*Data provided*.

------------------------------------------------

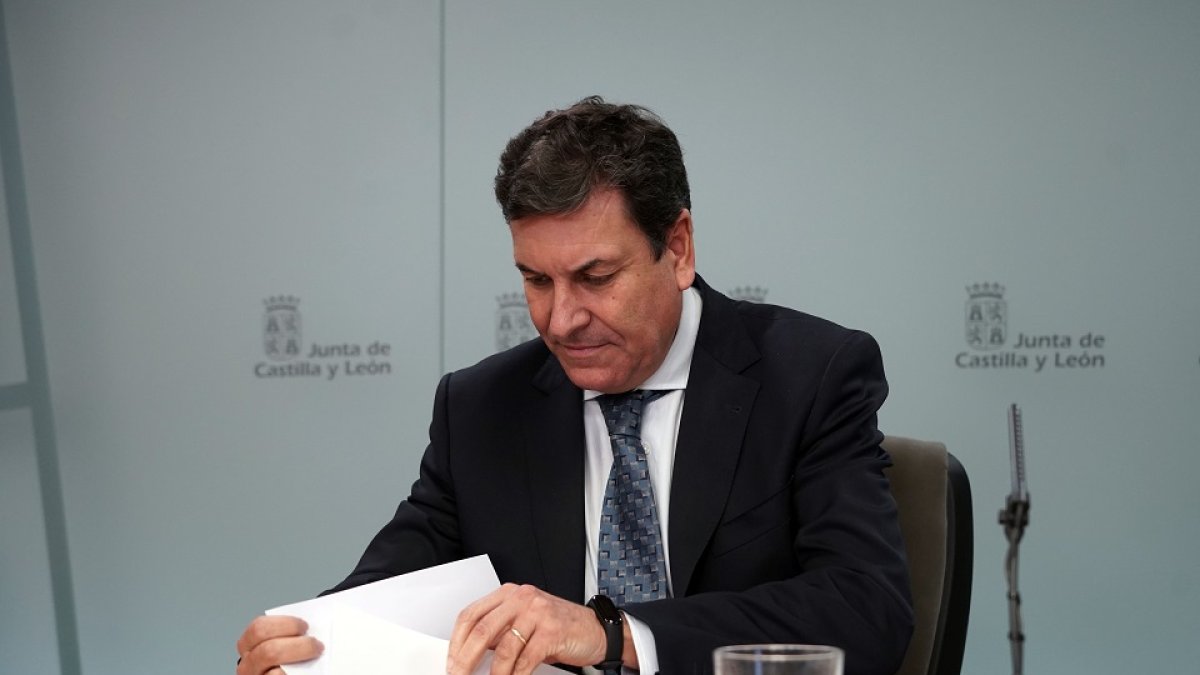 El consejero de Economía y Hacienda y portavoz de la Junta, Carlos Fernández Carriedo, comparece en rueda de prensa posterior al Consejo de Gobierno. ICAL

------------------------------------------------

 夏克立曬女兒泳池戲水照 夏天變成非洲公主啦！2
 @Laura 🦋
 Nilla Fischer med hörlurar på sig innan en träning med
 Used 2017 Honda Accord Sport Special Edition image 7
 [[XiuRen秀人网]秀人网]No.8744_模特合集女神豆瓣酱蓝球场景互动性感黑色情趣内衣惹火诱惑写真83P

------------------------------------------------

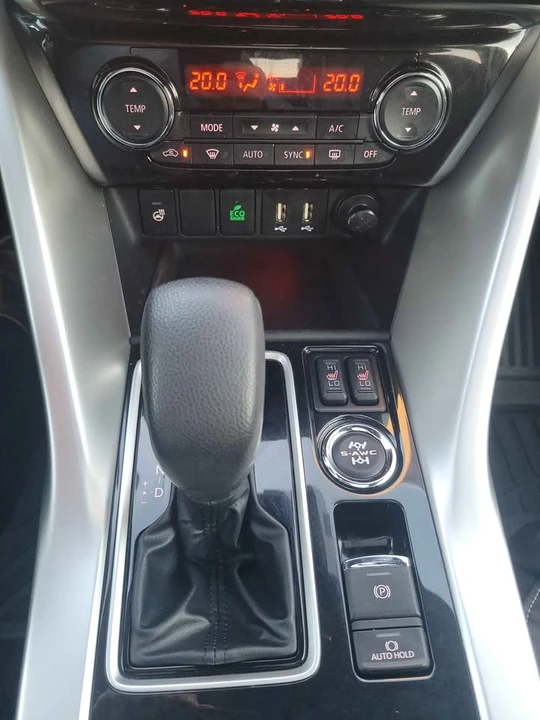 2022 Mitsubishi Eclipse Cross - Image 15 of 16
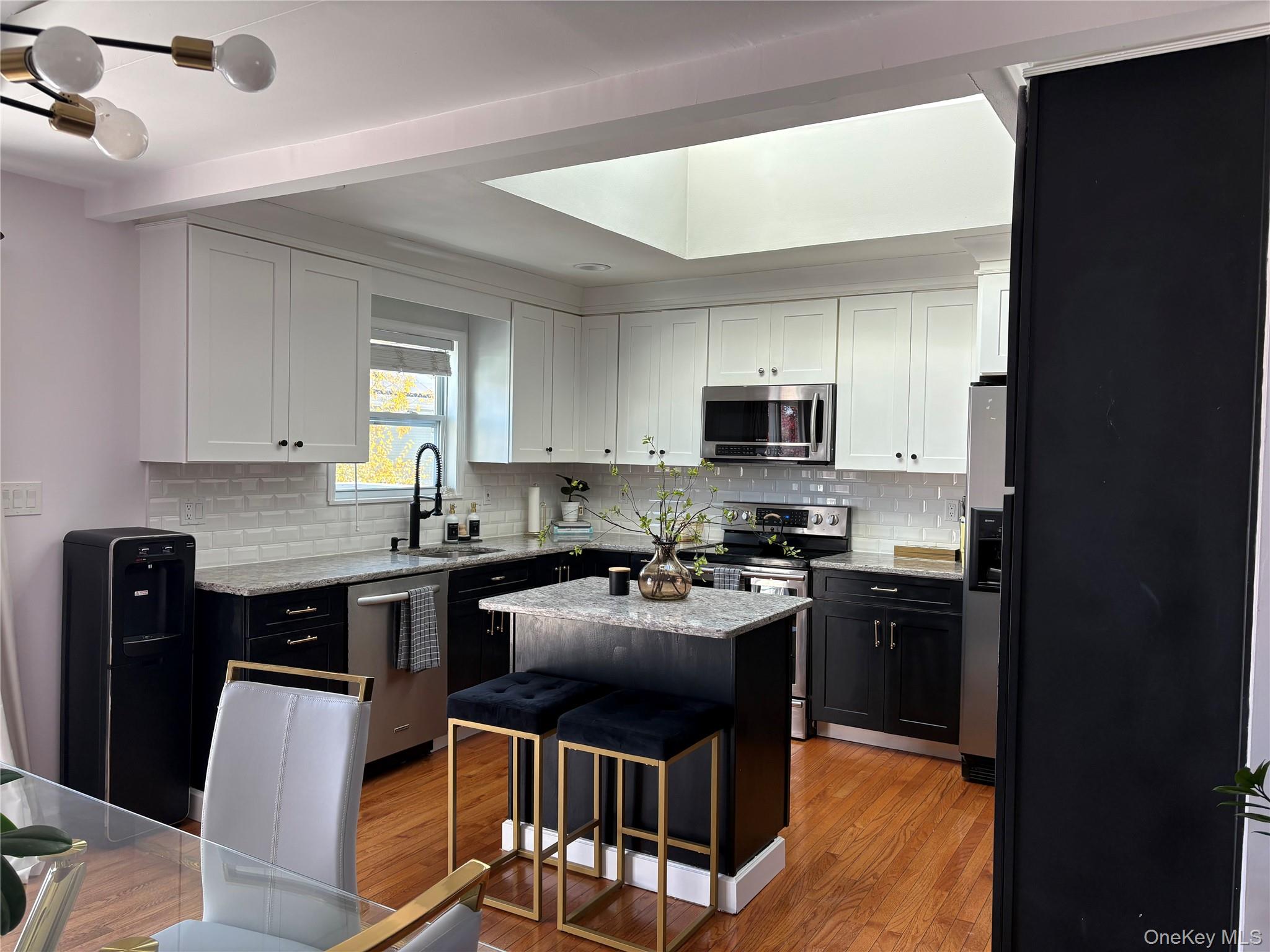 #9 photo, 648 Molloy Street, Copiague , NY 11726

------------------------------------------------

Using the records above, restate word for word the lines from the one with "Used 2017 Honda" through the one with "[[XiuRen秀人网]秀人", both included.

*Written solution*.
 Used 2017 Honda Accord Sport Special Edition image 7
 [[XiuRen秀人网]秀人网]No.8744_模特合集女神豆瓣酱蓝球场景互动性感黑色情趣内衣惹火诱惑写真83P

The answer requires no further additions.